I was busy with work and kept forgetting to call Contractor about my tire. I thought about forgetting it, but it bugged me. Everything was perfect in the beginning, but then the crew didn’t show up and finish as expected, that gap between the fence and ground was clearly visible from the street and they were sloppy about cleaning up afterward. So I called Minnie, who told me they only used nails so I must be mistaken about the screws, and Mickie called me back to talk.
Perhaps they don’t typically use screws and I’d made them suspicious – I don’t know. But I felt like Mickie thought I was lying – I didn’t know if it was a screw or nail, he said. Even if they did leave the nail, my tires weren’t worth what I paid for the new one. When I protested that I had new enough tires and didn’t want to put more money into an old car, he sighed and said he’d talk to his crew and the main office. Then I went to find the screws, realized I’d been right along, and got angrier.
I did talk to Goofy at the main office today since I’d missed his call yesterday. “I wish you wouldn’t have fixed the tire without talking to us,” he said. “We need to be involved right away. Now we can’t investigate properly.”
This immediately made me defensive – I hadn’t done anything wrong! I’m at a new job in a new house, dealing with a great deal of transition. I’m busy and tired and living alone. So when a screw flattens my tire, I fixed it. I don’t see how that changes the fact that the tire closest to the fence got flattened with a screw the day after the fence was installed. And that I found other long screws near and in the driveway on Tuesday and Thursday. At some point in your “investigation,” logic should play a role. I criticized Goofy’s tone, said that I was going to let Home Depot know my level of satisfaction was very low and told him I’d fax him the tire receipt as well as a photo of the screws I’d found. (I do, however, take responsibility for the tire. I meant to keep the flattened one and should have done so. I did call Goodyear and the trash pick-up had already occurred.)
The quality of customer service is determined when things go wrong, I think.
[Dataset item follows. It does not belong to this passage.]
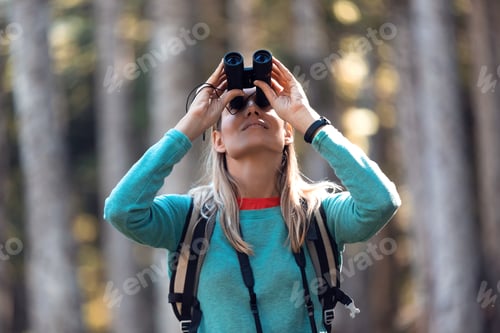 Preview: Hiker young woman looking birds through binoculars telescope in forest.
And while I couldn’t have been happier with the initial part of the transaction, the end leaves me scowling at the fence every time I look out my back door or drive into my garage.
I want $138.66, not because the money is that important, but because people bug me when they mess up and only grudgingly take responsibility. And the reason I’ve spent so much time going on about a fence is that it added stress to an already busy time. I suppose I’d like someone to say he/she is sorry this was unpleasant for me. I realize my experience is likely outside the norm – and that Home Depot had little responsibility in the matter at all – but I still expected better.
I’ll send Goofy a copy of this letter as well as the receipt and photo tomorrow. If you’d like to speak in more detail (though I’m not sure how it’s possible after this amount of text), please feel free to be in touch.
Sincerely,
Katie
(And this is why I don't often write angry letters. Too much time and energy.)
2 comments:
These kinds of building/construction contractors say or do anything to get the contract, and then once they have started work, they completely cease to give a flying fuck about anything except doing the bare minimum. That's because they've got you by the balls: what are you gonna do, tell them to stop in the middle of the job?
Good for you. I hope you get your money back. But I do agree with pp, this is pretty typical based on my experiences - at least you survived your move unscathed. Remember that our movers held all our possessions hostage for 2 extra weeks and then would only give us $50 compensation. Oh, and even though it won't make you feel any better, my shiny new Prius got a flat tire a few months ago. The culprit - a roofing screw. My guess is that it came from the neighbors who had new siding put in a few weeks before. So their people were very messy (and might I add very very slow). Not that any of this makes you feel any better - but suddenly I do.